New Zealand- from www.stuff.co.nz – In a back room of a Hamilton go-karting track, Lisa Lewis lays a brown towel on the carpet.

From the moment she arrived a quarter-hour earlier, the 28-year-old has taken control of proceedings, cheerfully barking orders to the pit crew in an effort to transform the chilly, petrol-scented complex into a fitting venue for a stag’s night “toy show”, her third and final of the evening.

On her instruction, staff have removed unflattering fluorescent tube lights from the ceiling until only one pair remains.

“We want to make it sexy,” she says, her voice nasal with a cold, before determining the light needs to be dimmer still. Another tube is removed, the circuit is broken and the storeroom falls completely dark.

Abandoning her attempts at ambience, Lewis relocates to the next room and summons a semi-circle of nervous men around her on office chairs. She presses play on the stereo, then embarks on a virtuoso performance of crotch gymnastics.
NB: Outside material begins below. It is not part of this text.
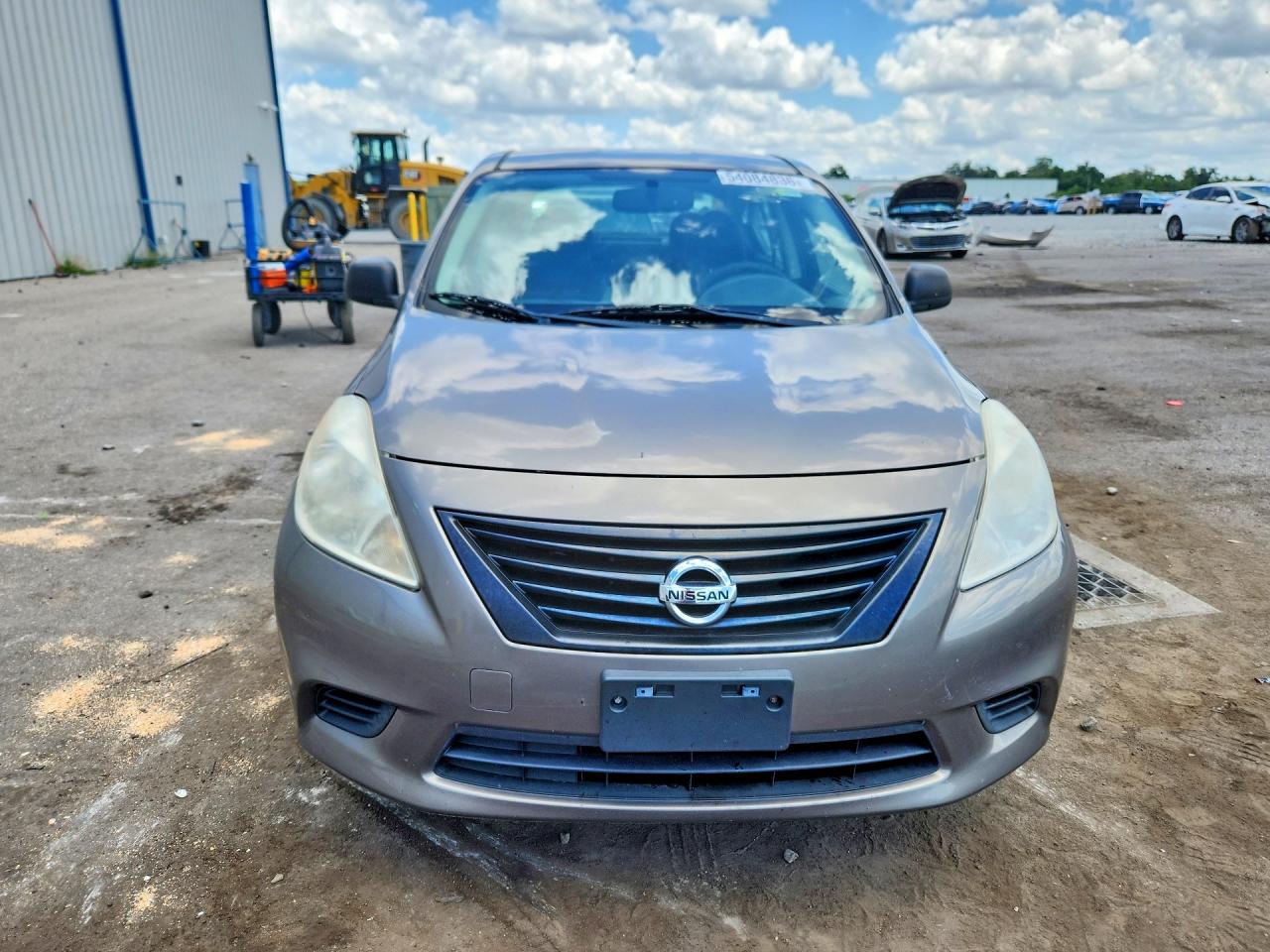 Nissan Versa 1.6 S Plus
The docile young stag responds with good grace to the humiliation of being led around on all fours by a belt around his neck, and drizzled with oil like a bruschetta. It is a far cry from the scene barely an hour earlier, in a hotel across town, where Lewis had delivered an identical routine to a pack of hyenas.
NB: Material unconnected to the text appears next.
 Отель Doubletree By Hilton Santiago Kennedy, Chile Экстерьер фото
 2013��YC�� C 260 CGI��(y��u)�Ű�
In a cramped, sweaty room, middle-aged and prodigiously drunk men had piled themselves on a bed, pushed to the side of the room to create a sort of grandstand.

They would not stay put, spilling beer on her rug, muttering comments about her perceived physical shortcomings, then crawling behind her on all fours, craning their necks for a better view.

The scene threatened to get nasty, particularly when Lewis whipped the stag, which he did not like one bit. But Lewis maintained control, coralling the drunks with the weary admonishments of a kindergarten teacher.

Afterwards, as she packed her costumes into her suitcase, mindful of a babysitter who needed relieving at midnight, one of the men approached alone. Suddenly a gentleman, he asked politely if it was all right to text her later.

Like all his mates, and thousands of others across the country, he had already had his picture taken with Lewis and her famous breasts. For $1200 he could sleep with her too.

Lewis made her name with a bikini-clad streak across Waikato Stadium during an All Blacks test in 2006, and has come to be described in her frequent media appearances since as a “celebrity stripper”.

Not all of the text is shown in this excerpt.